EXERCISE OBJECTIVE: Please output the lines from the one with "2025 Tesla Model Y фото" through the end of the data exactly as written, omitting all pictures.

=== Section Start ===

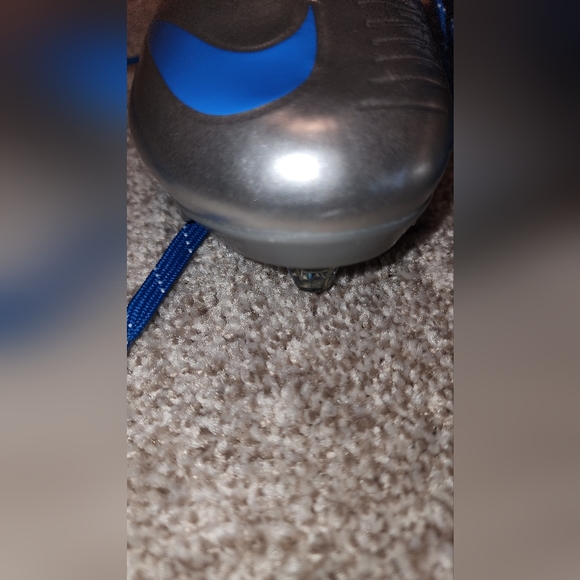 NWOT  Nike Vapor Speed 3/4 TD football‎ cleats in the Detroit Lions colorway - Picture 14 of 16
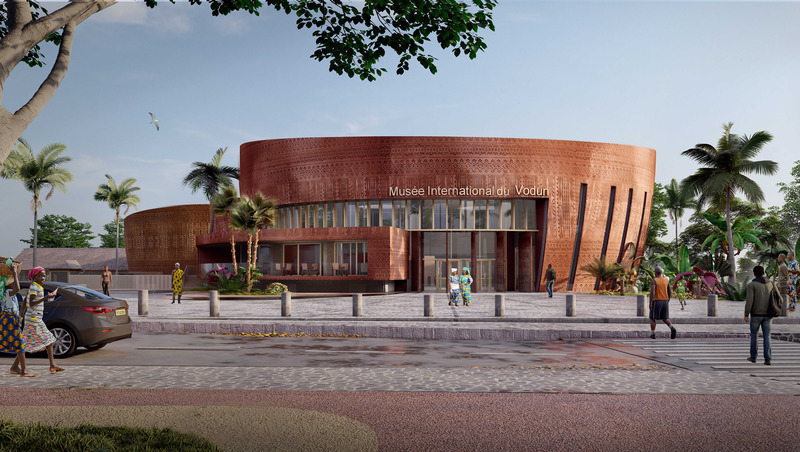 Press kit | 661-77 - Press release | WAFX 2023 Prize Winners Announced - World Architecture Festival (WAF) - Competition - <p>Cultural identity</p><p>Musee International du Vodun by Koffi &amp; Diabate Architectes </p> - Photo credit: © Koffi Diabate Architectes Images 4 and 5 - Les Crayons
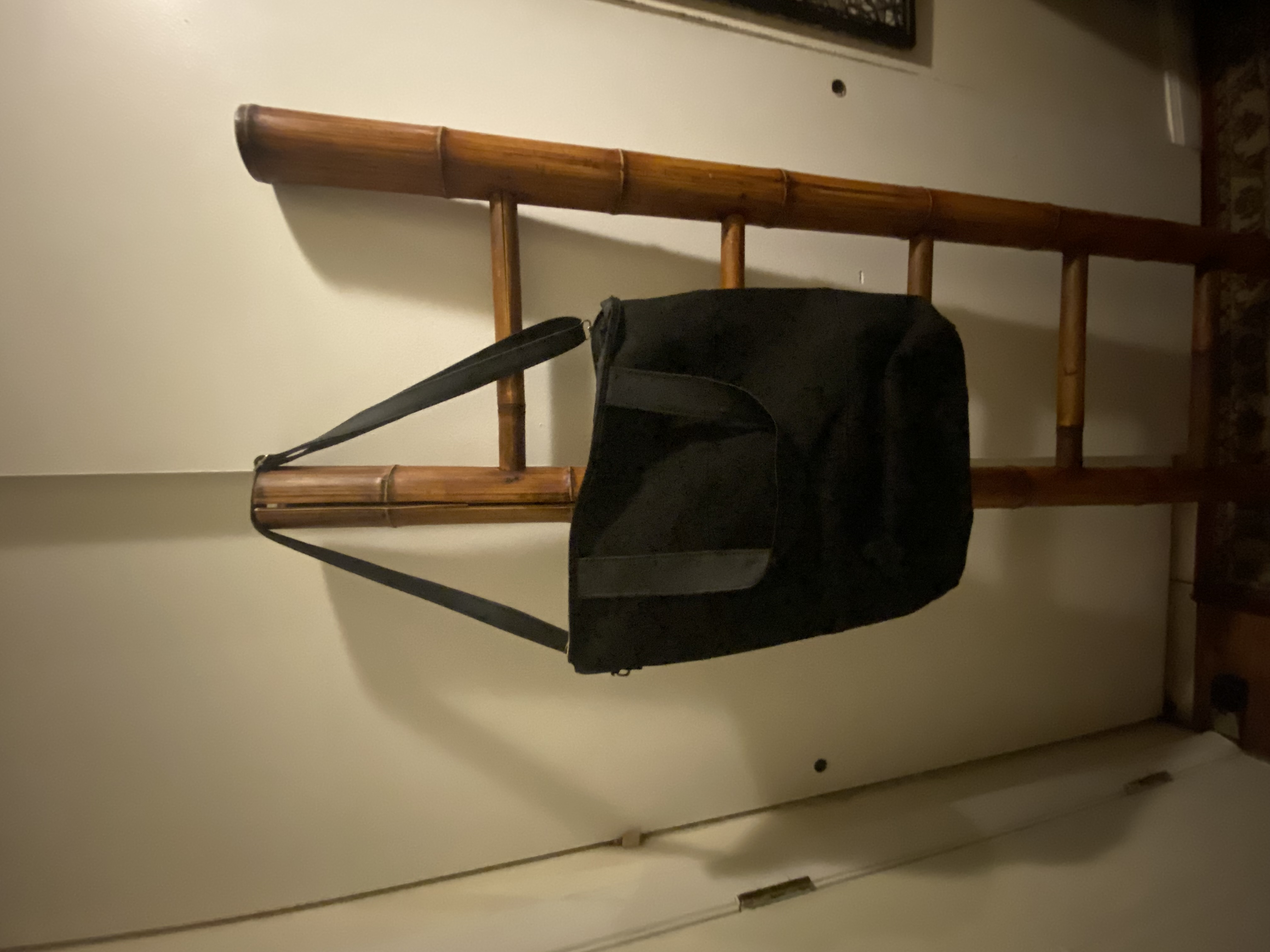 Black Asoke Tote Bag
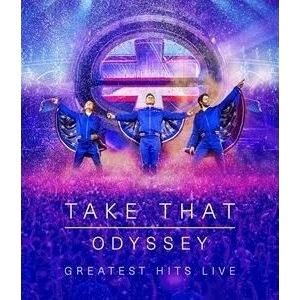 ODYSSEY - GREATEST HITS LIVE 2019【Blu-ray】【輸入盤】▼/TAKE THAT[Blu-ray]【返品種別A】｜joshin-cddvd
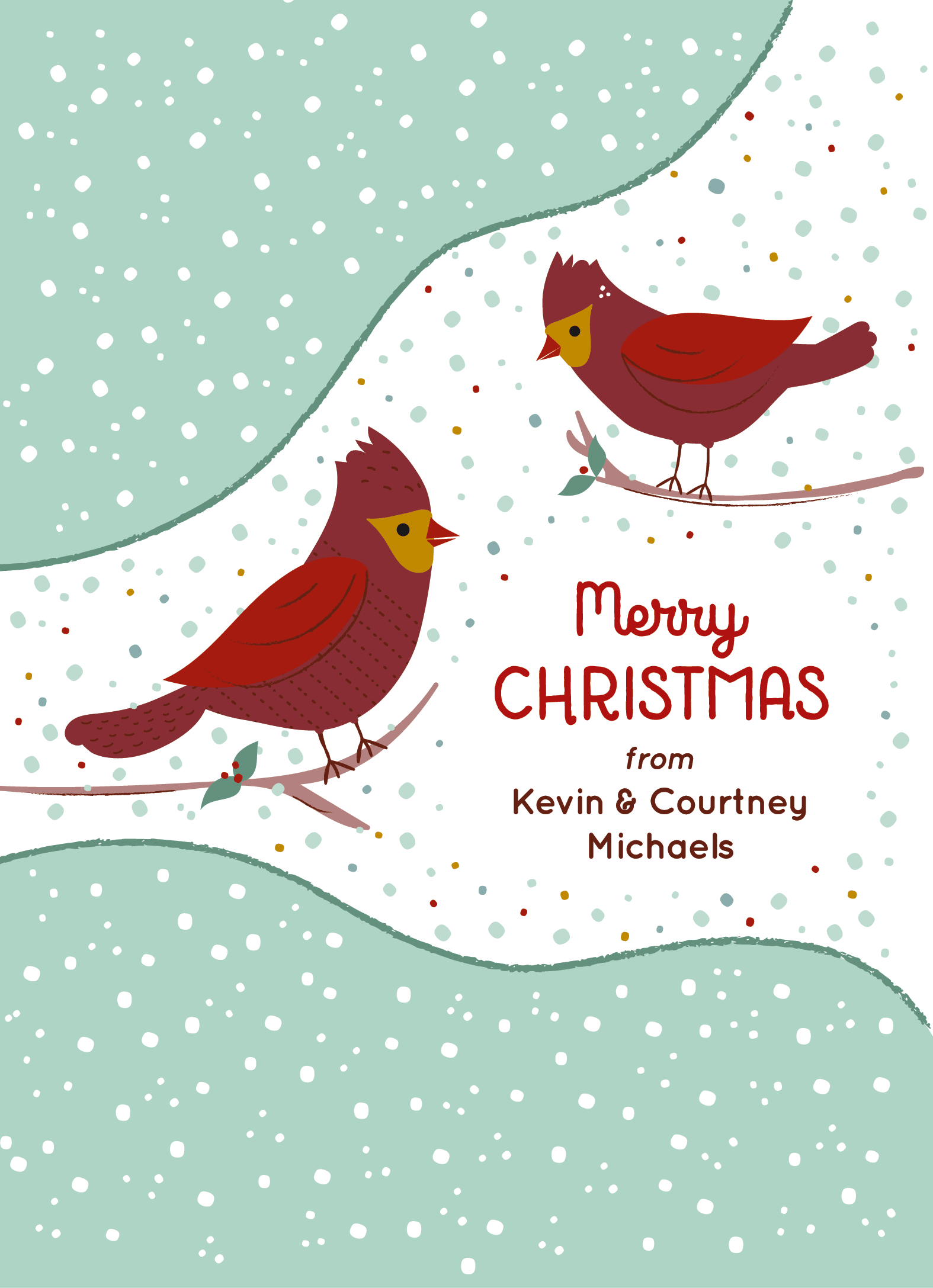 Cardinal Christmas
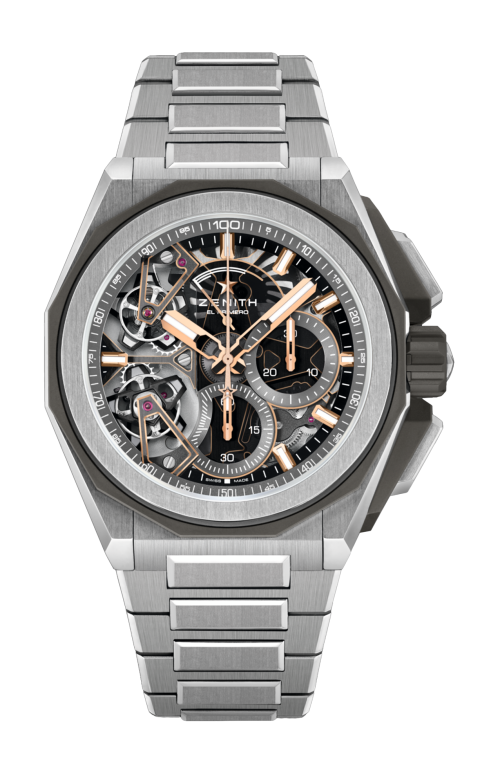 DEFY EXTREME DOUBLE TOURBILLON - 95.9100.9020/78.I001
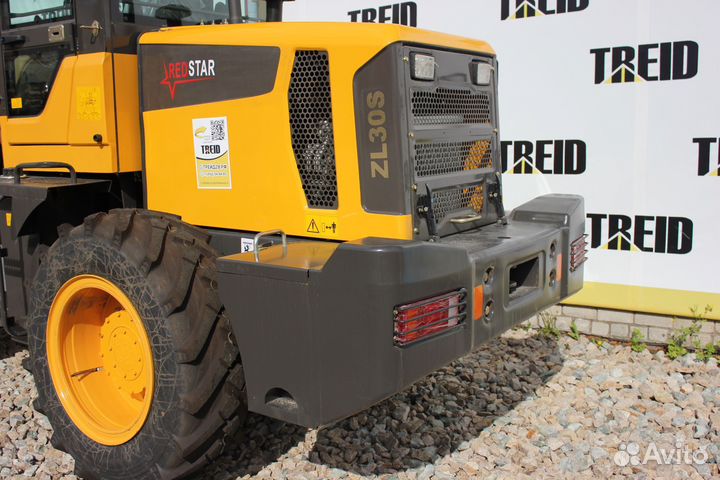 Фронтальный погрузчик Redstar ZL30s, 2023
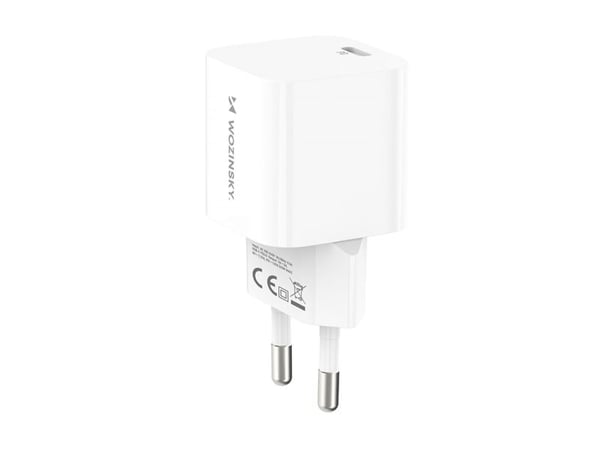 Wozinsky vegglader CMWCS USB-C PD 20W - hvit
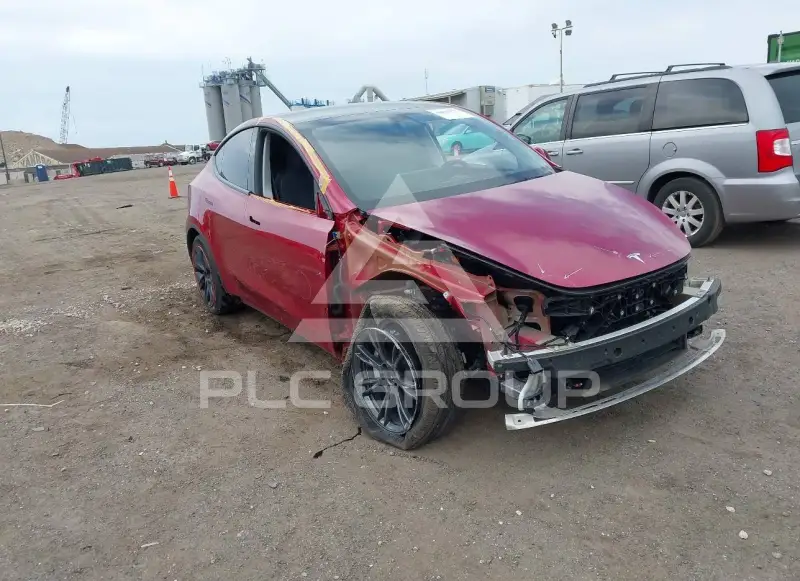 2025 Tesla Model Y фото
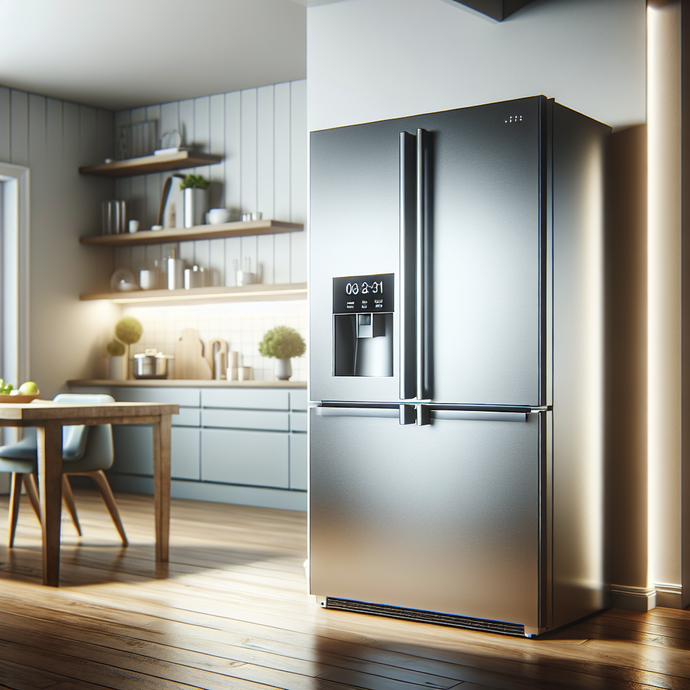 Refrigerators with Temperature-Control Alerts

=== Section End ===

RESULT FOR THIS TASK:
 2025 Tesla Model Y фото
 Refrigerators with Temperature-Control Alerts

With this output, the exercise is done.